W Moskwie spędziliśmy 4 dni. Spaliśmy w hotelu w centrum Moskwy. Panie etażowe pilnowały nie tylko porządku ale i moralności gości. Panowie byli na innym piętrze niż panie. Na wszelki wypadek. Etażowe również zajmowały się handlem. Wiedziały co kto ma w bagażu i proponowały jakąś cenę. Kilka kremów i okulary słoneczne poszły od ręki. Niewiele tego było, ale starczyło na złoty pierścionek, który na granicy dałam do oclenia. Cała wycieczka się ze mnie śmiała. Oni przemycali dużo złota. Umieszczali precjoza w najdziwniejszych miejscach. Z dobrym skutkiem.
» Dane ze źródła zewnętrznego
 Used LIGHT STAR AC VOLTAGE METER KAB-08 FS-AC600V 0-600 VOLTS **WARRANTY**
W programie mieliśmy Kreml, chodziliśmy po Placu Czerwonym, ogladaliśmy sobór Wasilija Błogosławionego, staliśmy w bardzo długiej kolejce do Mauzoleum, w której obowiązywała cisza i odddanie wszystkich bagaży, torebek, parasolek i aparatów fotograficznych. To były takie czasy, że nie każdy miał aparat ( ja na przykład nie miałam). Lenin leżał sobie przykryty kocykiem do pasa. Odległość między nim a zwiedzającymi była tak duża, że trudno było dostrzec szczegóły.
Zwiedzaliśmy Galerię Trietiakowską i Muzeum Puszkina. To dla mnie było ważne. Malarstwo rosyjskie było moją pasją. Zbiory dzieł najwybitniejszych malarzy europejskich w Muzeum Puszkina też robiły wrażenie. Byliśmy na Wystawie Osiągnięć Gospodarki Narodowej ZSRR - to był taki pokaz wielkich możliwości gospodarki komunistycznej. Miało się to tak do rzeeczywistości jak pięść do nosa, bo najlepsze czasy powoli się kończyły. Zbliżała się Olimpiada w Moskwie i pierestrojka. W potęgę ZSRR coraz trudniej było wierzyć.
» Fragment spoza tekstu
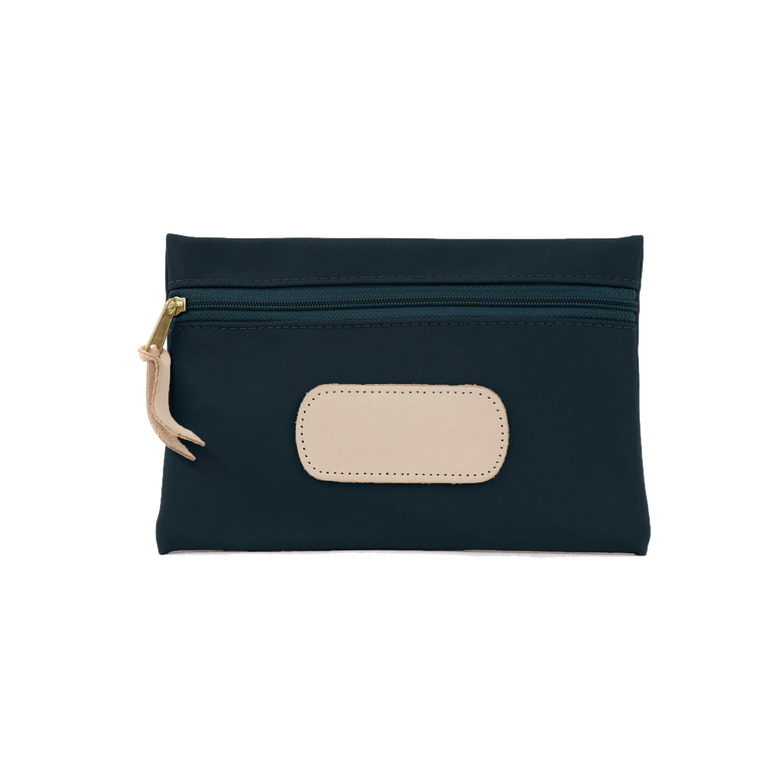 Pouch - Navy Coated Canvas Front Angle in Color 'Navy Coated Canvas'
Miałam koleżankę w Moskwie. Miała na imię Ludmiła. Chciałyśmy się spotkać, ale ona akurat wyjeżdżała na wakacje do rodziny na Ukrainę. Jechałam do niej przez całą Moskwę metrem. Na dworcu koczowało mnóstwo osób. Ogromny dworzec. Wiem, że wyprawie tej towarzyszył duży stres. Miałam mało czasu, zostawiłam grupę za którą byłam odpowiedzialna, ale pokusa była silna. Szanse na odnalezienie sie w tym tłumie były nikłe, ale udało nam się spotkać i chwilę pogadać.
Pamięć ludzka jest zawodna. Co po 30 latach zostanie w Waszej pamięci?